This is part of my series on stories. You can read an introduction here.
The songs “The Crane Wife 1 & 2” and “The Crane Wife 3” by The Decemberists are a beautiful retelling of an old folktale. The story is narrated by a lonely, poor man in the midst of a long, cold winter. One night, he finds a crane crippled by an arrow in its wing. He takes pity on the distressed bird and nurses it back to health, after which the bird flies away. Shortly thereafter, a woman appears at his house; they fall in love and are married. Though they are happy together, their poverty persists and their circumstances turn dire. The wife says she can save them by weaving cloth to sell, and begins to work on her loom in a room alone, hidden away from her husband. As their fortunes turn for the better and their wealth increases, the man’s greed begins to take over. He is no longer content with the company of his wife, but forces her to work to make them more money. He does not notice that the cloth she produces is stained with blood, and she is wasting away. He finally sees her at the loom and realizes she is the crane he saved and the cloth is made from feathers she plucked from her crane form. Upon her true form being discovered, the crane flies away and the man is left alone to live in guilt and regret.
While the story alone is heartbreaking, the music allows us to feel the emotions more deeply – joyfully warm at times, hauntingly mournful at others. We feel the man’s loneliness, the bird’s pain, and their sweet love, followed by her despair as she works, and his grief at losing her. In its most basic form, it is the story of a man who is given a great blessing for a kindness done, but loses everything when his greed causes him to forsake his blessing. It is a love story gone all wrong; there is not a happy ending. It is a story of self-centered love conquering other-centered love.

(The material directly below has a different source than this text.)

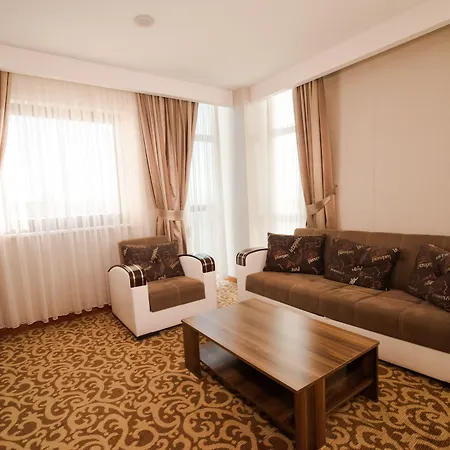 Grand & Convention Center Hotell Karaman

While this story evokes sadness and a feeling that it’s not supposed to end this way, this sad ending is a more accurate depiction of the reality of relationships than the happy ending we crave. It’s easy to take the tale’s morals and determine we will be thankful and not be greedy, but it is not so simple to change our actions. By our very nature we are narcissists. We continually pursue our own desires, destined to the tragedy of the man in the story. We can only be changed by something outside of ourselves.
I see evidence of this in my life daily. Like the man in the story who chose to feed his insatiable greed over caring for his wife, I use others and am blind to their needs and cares. Instead of carrying the burdens of my friends, I focus on how they can carry mine. Instead of working with my husband toward mutual edification, I push him to conform to my desires. Instead of seeking God’s glory in my life, I concentrate on the advancement of my own name. I choose my own interests above the interests of others because I love myself first and foremost.

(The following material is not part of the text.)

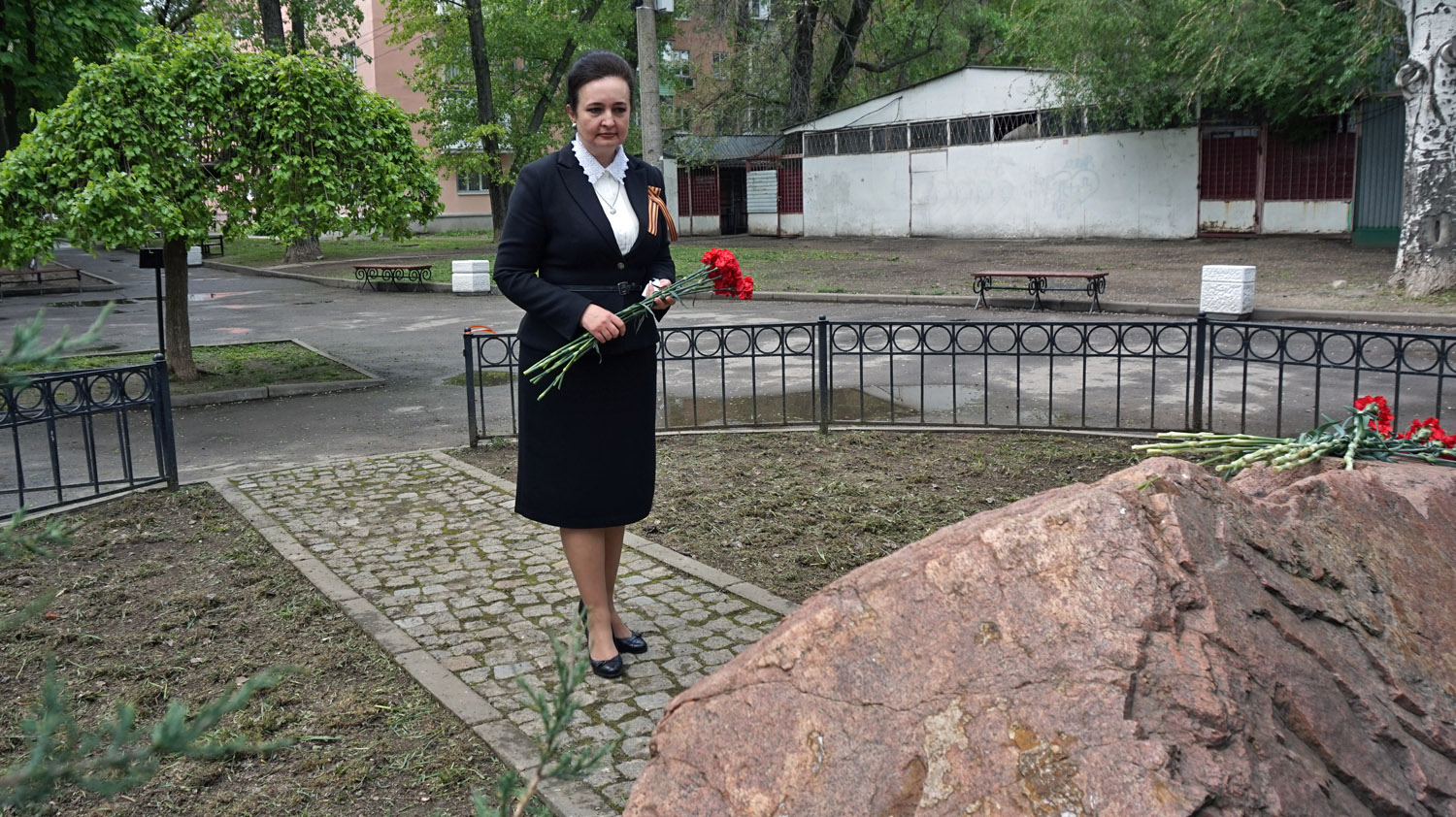 Инна Титаренко возложила цветы к памятному камню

All of us, left to our own natural, sinful inclinations, will always choose ourselves first. But the man’s tragic ending doesn’t have to be our ending. This destructive self-love can be conquered. Just not by us.

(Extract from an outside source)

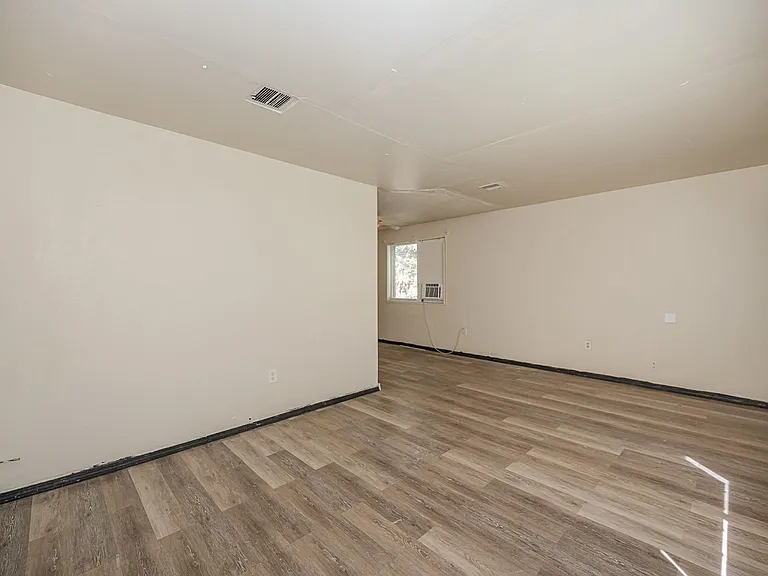 5715 Hodiamont Ave — Photo 23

And I will give you a new heart, and a new spirit I will put within you. And I will remove the heart of stone from your flesh and give you a heart of flesh. And I will put my Spirit within you, and cause you to walk in my statutes and be careful to obey my rules.
An outside force must act to change our nature. The sin of self-love is such an intrinsic part of us that it must be cut out – an operation that can only be done by the Holy Spirit. God transplants the sinful hearts of His people with clean hearts, and we are then able to respond to Him in faith and repentance. As regenerate people, we now have a new nature and a new heart. Instead of pursuing our sinful, base desires, we now seek what is good and holy. We can enter into relationships seeking the other person’s welfare instead of our own. We can put our narcissism to death and sacrificially love others.
The beauty of regeneration is that it is solely God that works, and He does so when we are pursuing our own glory and kingdom. Before our hearts are changed, we challenge God’s right as King and make ourselves a god. It is precisely in the midst of this violent rebellion that God meets us and changes us. Now we can see the greater, fuller life available to us when we are no longer absorbed with ourselves.